Видеть сны, мечтать — какая это радость! Сам я в последнее время перестал мечтать. Однако я нередко вызываю в своем воображении картины минувшего когда-то давно; вот они сдвинулись с места и возносятся в воздух, будто предметы, на которые не распространяется земное притяжение. Мне хочется все понять, но я убеждаюсь, что понимаю в происходящем все меньше. И еще ловлю себя на мысли, что часто обращаюсь к прошлому. Говорят, это признак старения. Где-то, в давних временах, остался мир благородных идеалов, грандиозных планов. Оттуда, из тех времен, исходит моя беспредельная уверенность, что я переверну мир. Все-таки я еще живу этими далекими временами и ревниво оберегаю их от действительности. Тачка, в которой я вожу гравий к бетономешалке, становится все легче. Потому что, если ты убежден, что с каждой лопатой бетона приближаешься к цели, даже бетон кажется на таким уж тяжелым. Тут протянется туннель, со стен которого еще долгие годы будет капать твой пот. И вот однажды ты поедешь по нему в скором поезде, и твои попутчики захотят поскорее закрыть окно в купе. Тогда ты вопреки всем предписаниям пойдешь и откроешь окно в коридоре, где никого нет, и высунешься из него. Но тут оглушительный грохот несущегося на всех парах поезда и резкий встречный поток воздуха быстро возвратят тебя к действительности. Ты поспешишь, втянув голову в плечи, закрыть окно и увидишь перед собой всего лишь грязное оконное стекло. Иллюзии. Надежды. И все же моя надежда еще жива — это убежденность, что так чувствую не я один. И даже в эту бессонную ночь я не одинокий пешеход, который слышит лишь собственные шаги. У меня страстное желание взбунтоваться, закричать, как закричал вчера на Борко вахтер Френкель, когда председатель завкома подсунул ему, чтоб тот подписал, какую-то резолюцию:
— Пошел ты с этим куда подальше! С… я хотел на твою ахинею!

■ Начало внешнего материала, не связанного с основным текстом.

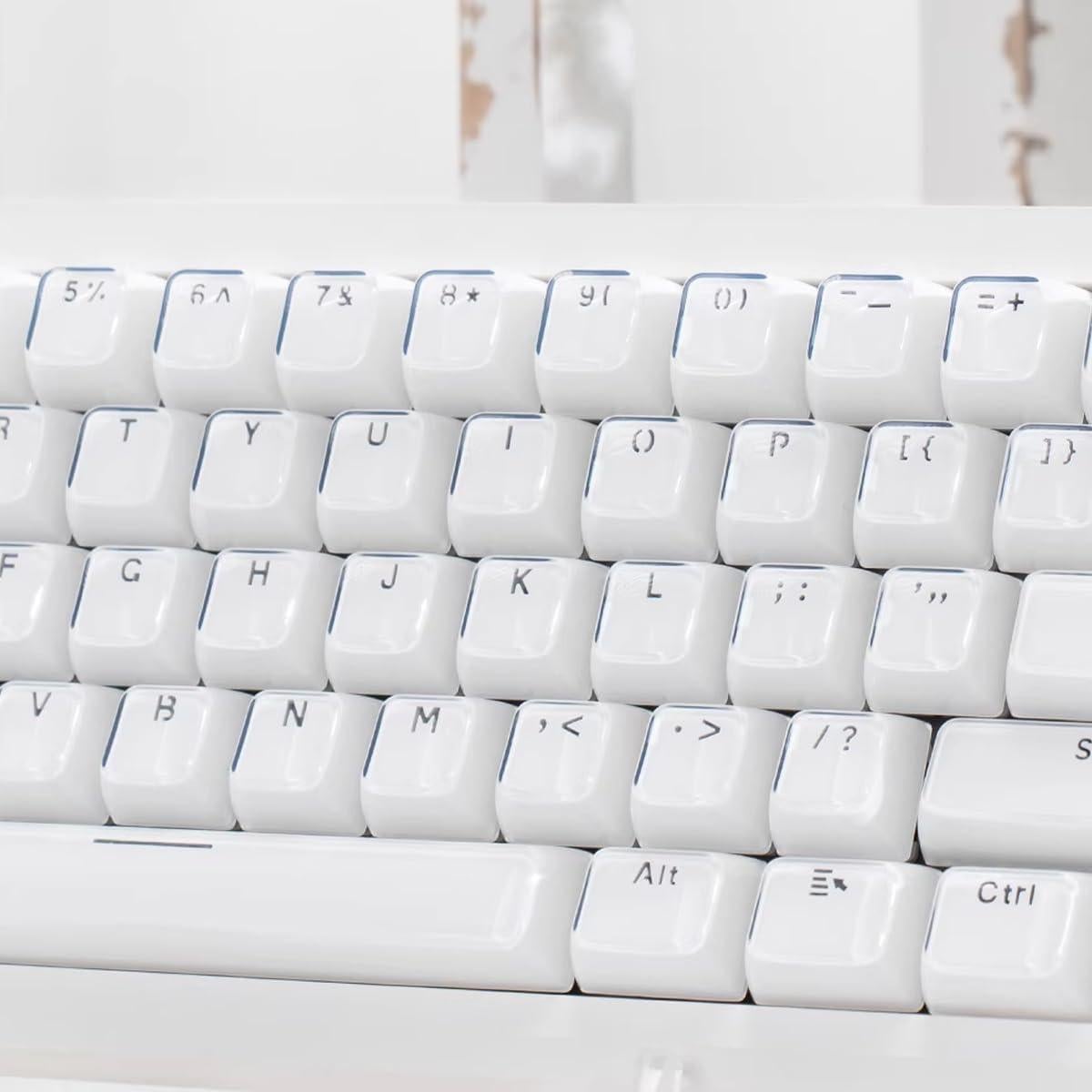 Keycaps MDA Mintcaps Cristal Blanco 136 Teclas para Teclados Mecánicos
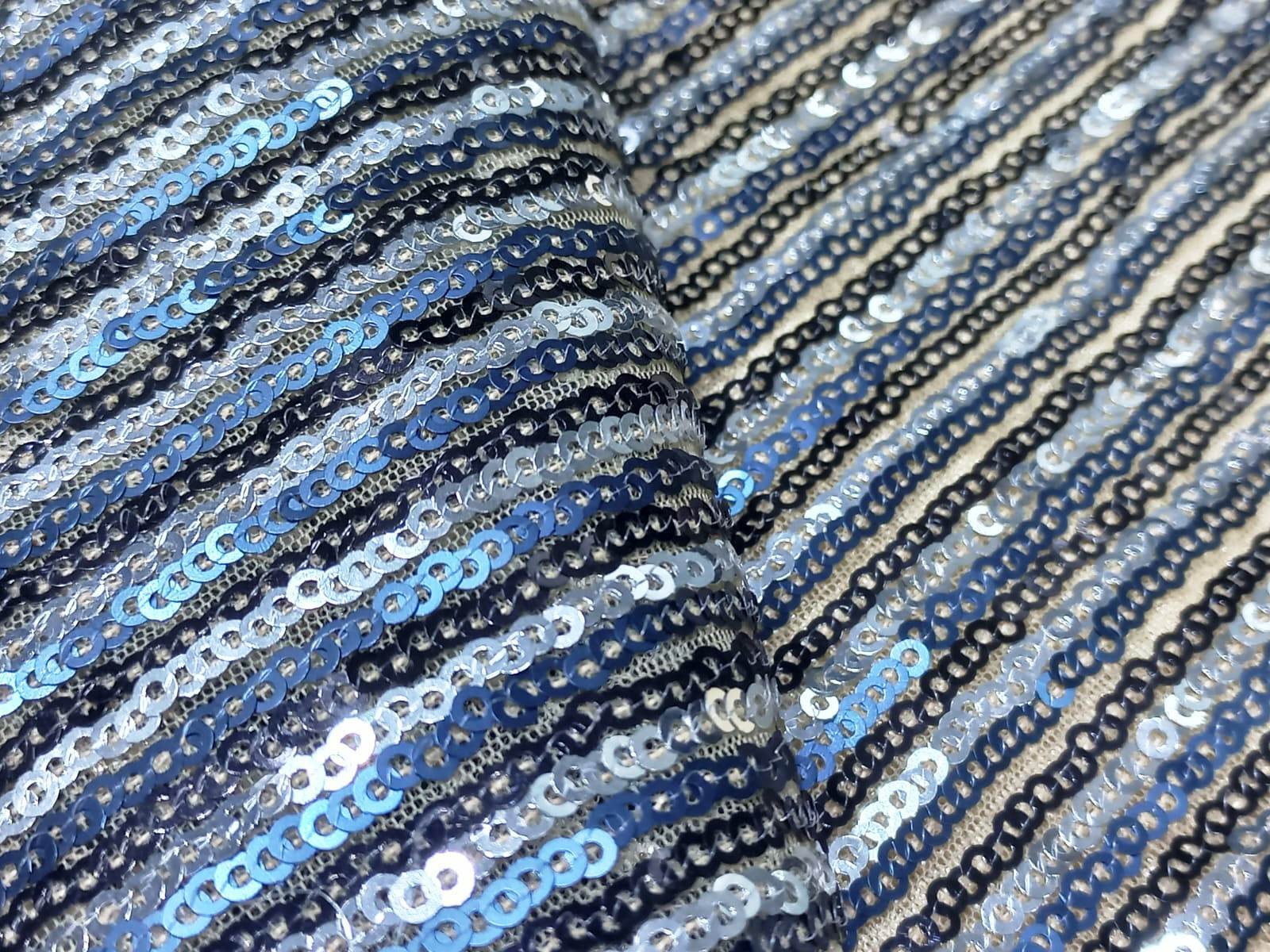 Blue sequin fabric for luxurious women clothes on georgette online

Но может ли позволить себе подобный выпад руководящий работник? Имеет ли право вести себя так человек с высшим образованием, от которого окружающие вправе ожидать, что при любых обстоятельствах он будет держаться заодно со всеми, а это значит — разумно, приноравливаясь к остальным, подчиняясь стадному чувству?